Portable AI Device Used to Gather Health Data for Predicting Pandemics

The device, named FluSense, can detect coughing and crowd size in real-time. Data collected can be analyzed for the monitoring of flu-like illnesses and flu trends. 

Coughing could help health experts better understand the distribution and transmission of respiratory outbreaks in crowds. That is according to the University of Massachusetts Amherst (UMass Amherst) researchers who have created an artificial intelligence (AI) flu monitoring device called FluSense. 

The UMass Amherst researchers say that their new edge computing platform could be used in healthcare settings like hospitals and waiting rooms, in addition to larger public spaces, to increase the number of health surveillance tools at the disposal of health experts. It could also be used to help forecast seasonal flu and other respiratory outbreaks, news that some will undoubtedly find most bittersweet amidst the current COVID-19 pandemic. 

The device makes use of a microphone array, thermal camera, and neural computing engine on the edge to passively monitor and characterize speech and coughing sounds alongside changes in crowd density. Despite being equipped with a microphone and camera, no personal information is recorded or stored. 

 

Creating the Device

Before building the device, the researchers had to develop a lab-based cough model. They then trained a deep neural network classifier to draw bounding boxes on thermal images representing people. “Our main goal was to build predictive models at the population level, not the individual level,” professor Tauhidur Rahman said.

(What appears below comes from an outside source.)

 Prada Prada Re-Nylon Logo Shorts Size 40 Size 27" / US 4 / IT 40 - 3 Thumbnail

When they had a working device, the researchers focused on four waiting rooms at UMass Amherst’s health services clinic by deploying the FluSense device in them. Between December 2018 and July 2019, the researchers collected and studied over 350,000 thermal images and 21 million non-speech audio clips. 

 

The components found in the FluSense device. Image credit: UMass Amherst

 

Using data collected during this time, FluSense was able to predict illness rates with a high rate of accuracy. The researchers noted that captured data “strongly” correlated with campus testing results for influenza and other respiratory diseases, with a Pearson correlation coefficient of 0.95. This demonstrates the value to be found in combining AI with edge computing to enable the gathering and analysis of data right at the source. 

 

Predicting Population-Based Outbreaks

It is important to note that FluSense is not designed to identify when individuals are or may be ill. Instead, it is designed to study and predict population-based outbreaks and transmission. In this way, it could be used to help public health authorities and city administrators identify when an outbreak is or could be on the horizon, and where. 

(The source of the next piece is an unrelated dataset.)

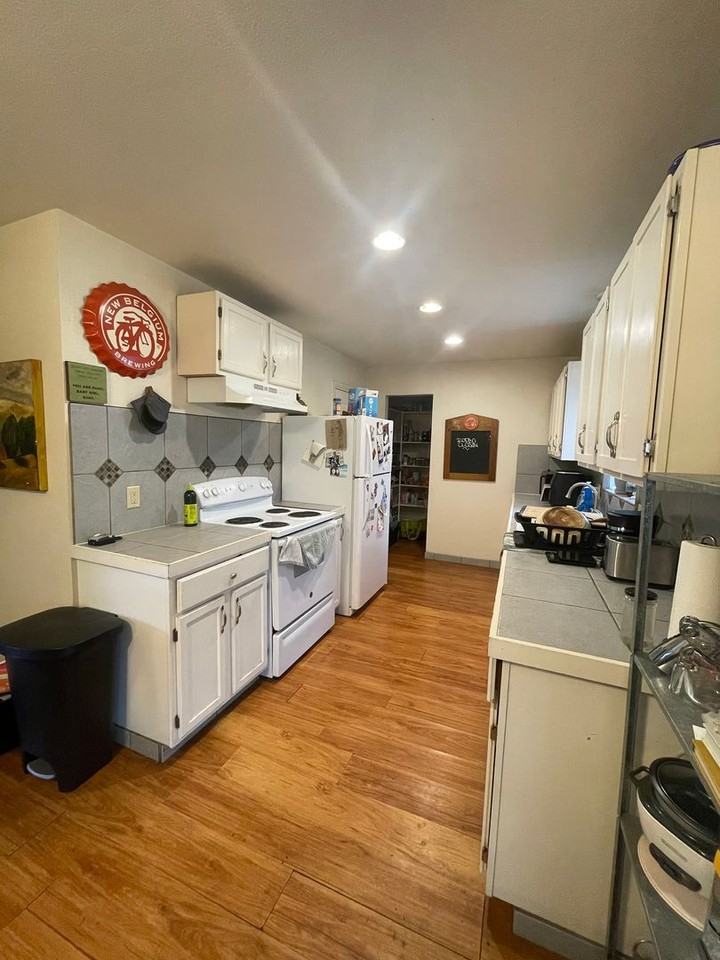 1300 Ponderosa Dr - Photo 5 of 13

FluSense could also be used to help support current influenza prediction efforts such as the FluSight Network—a consortium of flu forecasting teams. Rahman went on to add, “I thought if we could capture coughing or sneezing sounds from public spaces where a lot of people naturally congregate, we could utilize this information as a new source of data for predicting epidemiologic trends,” 

The next step for FluSense is for it to be tested in other public areas and geographic locations, “…we want to validate it beyond this specific hospital setting and show that we can generalize across locations,” said professor Andrew Lover. 

 

A Much-Needed Technology

FluSense demonstrates that machine learning can benefit and expedite flu forecasting and prediction. If introduced at a more mainstream level, epidemiologists and other health experts could access critical data and gain a better understanding of how a virus spreads and identify external influences, vulnerable demographics, virality rate, and more.

It could also help medical experts, governments, and even industry prepare for flu outbreaks more effectively by helping identify whether there is a need for travel restrictions, social distancing or medical supplies.